Provided by Jim Shahin

Categories     dinner, vegetables, appetizer, main course

Time 35m

Yield 4 servings

Number Of Ingredients 11

1/2 cup extra-virgin olive oil
1 cup bread crumbs
1/2 cup Parmigiano-Reggiano, grated
1 head escarole, about 1 1/4 pound, bottom removed, leaves separated and washed thoroughly to remove grit
2 tablespoons extra-virgin olive oil
4 slices prosciutto (about 2 ounces), sliced thin and cut into roughly 1-inch squares
4 to 6 hot cherry peppers (pickled will do if you can't find fresh), tops and seeds removed, broken by hand or chopped into 4 or 5 chunks
2 cloves garlic, minced
1/2 teaspoon kosher salt
1/4 teaspoon freshly ground black pepper
1/2 cup Parmigiano-Reggiano, grated, plus 2 or more tablespoons for garnish

Steps:

  • Bring a large pot of water to boil over high heat. Prepare an ice bath in a large bowl and set aside.
  • Meanwhile, in a medium bowl, prepare the oreganato: Mix the oil, bread crumbs and cheese until well blended. It should have the texture of moist beach sand. Set aside.
  • When the water is boiling, blanch the greens until they are nearly limp but still a little firm, about 1 to 2 minutes.
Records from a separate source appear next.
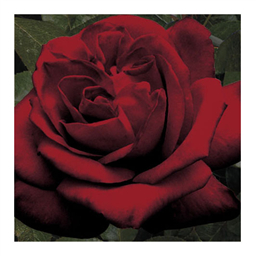 Ингрид Бергман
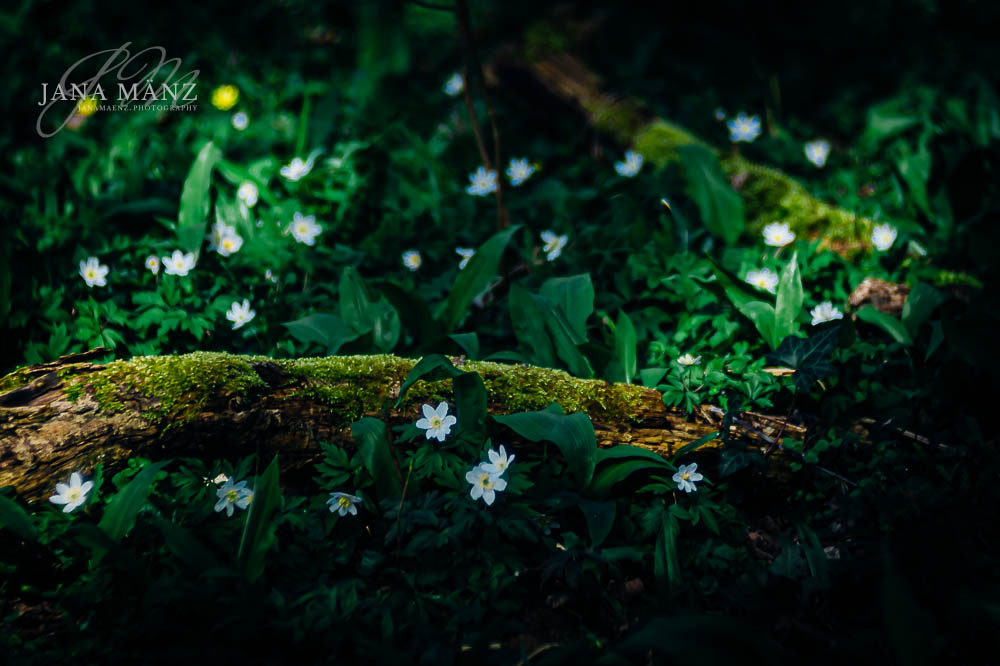 Buschwindröschen, Frühling, Trioplan100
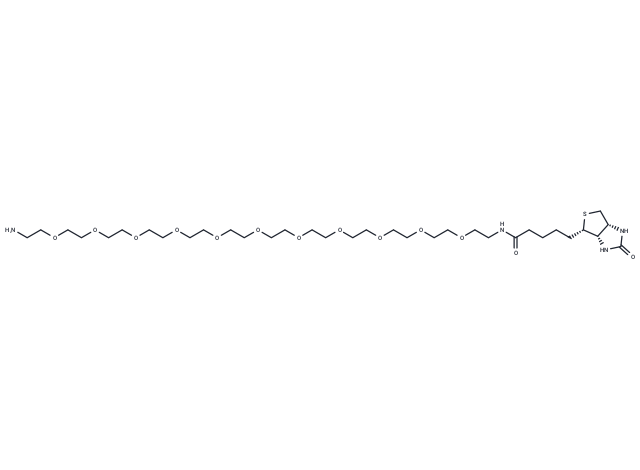 化合物 Biotin-PEG11-amine|T14580|TargetMol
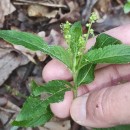 Mercurialis perennis L.Mercurialis perennis L.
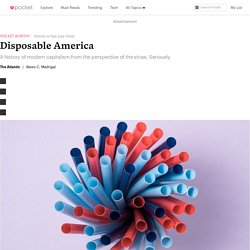 Disposable America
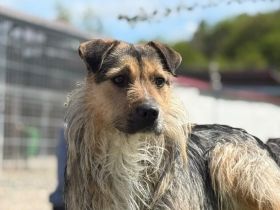 Hübscher Findus sucht Schutz und Liebe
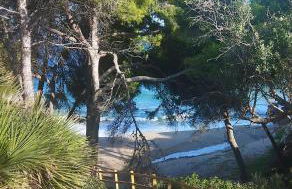 ILDA MENTa - Foto 15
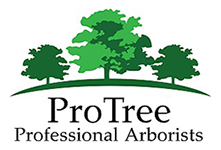 Pro Tree Professional Arborists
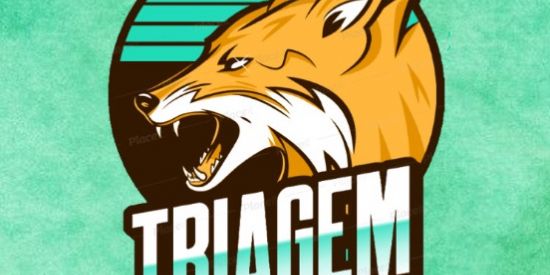 Imagem do grupo de WhatsApp 🦁 TRIAGEM EG1 ♚ɪғ'x♚ 🦁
Plunge them into the ice bath to stop the cooking. Remove and drain them well in a colander or salad spinner, allowing them to remain moist but not dripping wet. Squeeze just a little of the moisture from them, then chop them into 2-inch pieces. Set aside.
  • Heat the broiler. Coat a large pan with the olive oil. Over medium heat, sauté the prosciutto, cherry peppers and garlic until the prosciutto is browned and slightly crisp, about 5 minutes. (Lower heat slightly if garlic begins to brown too quickly.) Add the chopped greens to the pan, season with salt and pepper and stir to mix well.
  • Add 1/2 cup Parmigiano-Reggiano and 1/2 cup of the oreganato. Cook 3 to 4 minutes, stirring frequently to blend, scraping the bottom of the pan to keep the oreganato from burning.
  • Sprinkle another 1/4 cup oreganato atop the greens. (Save leftover oreganato for use in another greens dish, or add it to baked chicken or shrimp.) Place the pan under the broiler and broil until the top browns, about 2 minutes. Remove from the broiler and sprinkle a bit more cheese on the dish. Serve immediately.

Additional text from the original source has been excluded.